Produk kosmetik yang pertama dibuat adalah pembersih dan penyegar.
Setelah itu, menyusul produk pelembab. Proses produksinya belum memakai
mesin alias manual. Indro – wafat awal 2011 – dibantu lima anak buah
yang bekerja dengan peralatan seadanya, yang penting higienis. “Papa
mengulek dan meracik sendiri resep agar sesuai dengan kulit orang
Indonesia,” Anthonius yang lulusan University of Wollongong Australia
ini menceritakan kiprah ayahnya. Untuk itu, ayahnya rajin membaca
literatur tentang kosmetik dan sering mengikuti seminar dan kongres
tentang kulit. Pada tahap awal, produksinya tidak banyak. Sebulan
kira-kira memproduksi 1 boks (50 botol).
Dalam memasarkan produknya, sejak awal Indro sudah menggunakan merek La
Tulipe.

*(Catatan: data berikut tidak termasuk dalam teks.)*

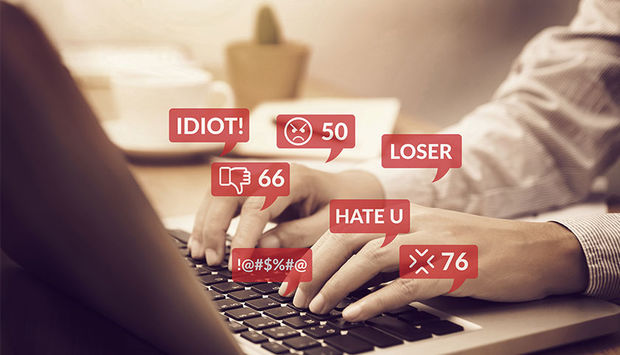 Ein Foto mit hellen und warmen Farben von einem Menschen, der am Laptop arbeitet. Über der Tatstatur sind rote Sprechblasen, in denen mit weißen Buchstaben zum Beispiel Hate U, Loser, Idiot steht. Es ist ein Symbolbild für Hassrede im Internet.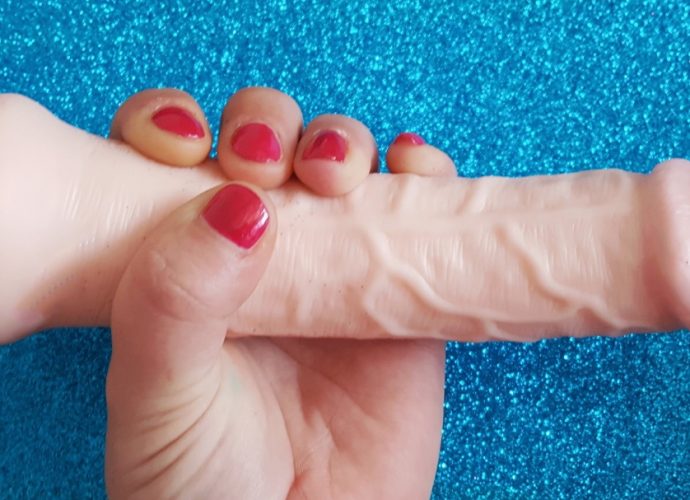 Feature photo for Lovehoney Lifelike Lover Ultra Realistic 7" Dildo review. Holding dildo over glittery blue background.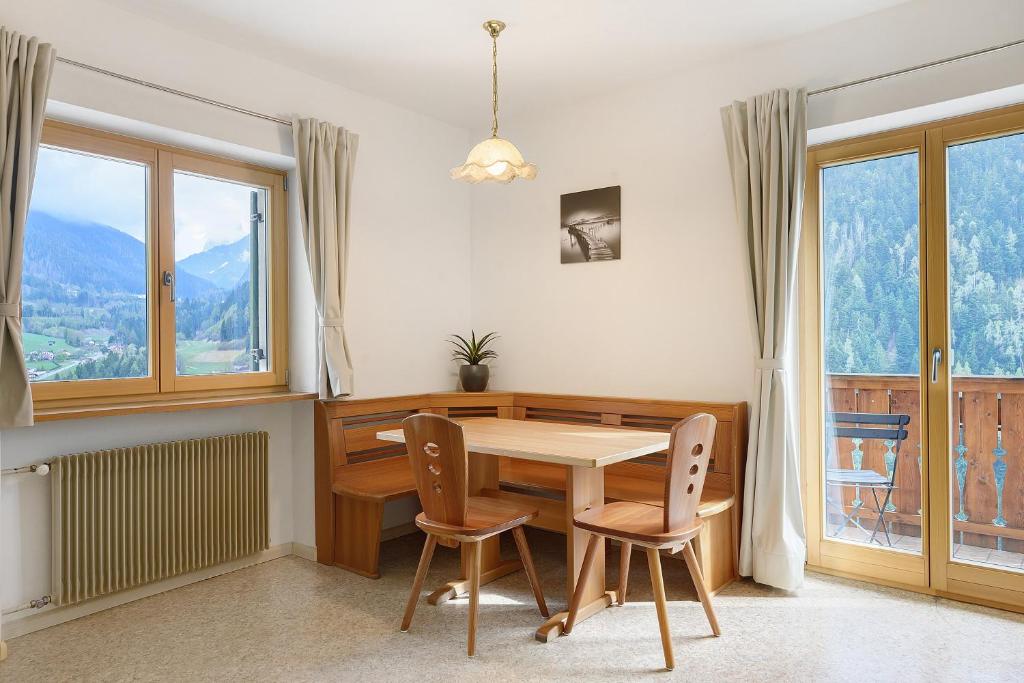 a dining room with a table and chairs and windows at Unterzerunhof 2 in Laion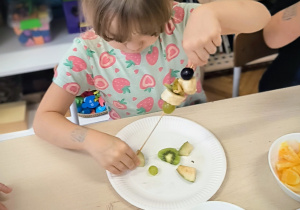 Dziewczynka nabiera owoce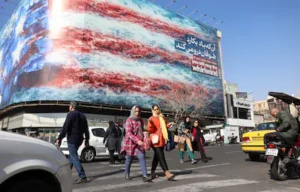 epa12775532-iranians-walk-next-to-a-huge-anti-u-s-billboard-on-a-street-in-tehran-iran-25-february-2.webp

Tulip adalah nama bunga dari Belanda, sebagai penanda kecantikan
wanita negeri itu. Sementara kata “La” berasal dari bahasa Prancis yang
artinya sama dengan “the” dalam bahasa Inggris. “Pakai bahasa Prancis,
karena Prancis merupakan barometer kecantikan dunia,” Anthonius, yang
biasa dipanggil Thoni, menjelaskan sejarah merek perusahaan keluarganya.
Cara komunikasi pemasaran saat itu masih sederhana. Di sela-selah
praktik dokter di rumah — Jl. Raya Gubeng 61, Surabaya — Indro
memperkenalkan produknya ke calon pelanggan yang datang. Rupanya, cara
promosi dari mulut ke mulut itu cukup manjur. Terbukti, tak sedikit kaum
Hawa yang mengonsultasikan masalah kulit wajah kepadanya. Tidak hanya
itu, kebanyakan dari mereka ternyata juga cocok dengan produk hasil
racikannya. Tak mengherankan, pelanggan makin banyak, juga jumlah
produksinya. Karyawan bertambah menjadi 10-an orang pada 1982-an. Bahkan
pada 1985, berhasil memindah tempat produksi ke lahan yang lebih layak
di daerah Prapen (Surabaya). Meski demikian, status tanahnya belum hak
milik, masih sewa.
Russy Nikawati, karyawan yang bekerja di PT Rembaka sejak 1985,
menjelaskan, meski pindah ke Prapen, lokasinya tetap masih kecil.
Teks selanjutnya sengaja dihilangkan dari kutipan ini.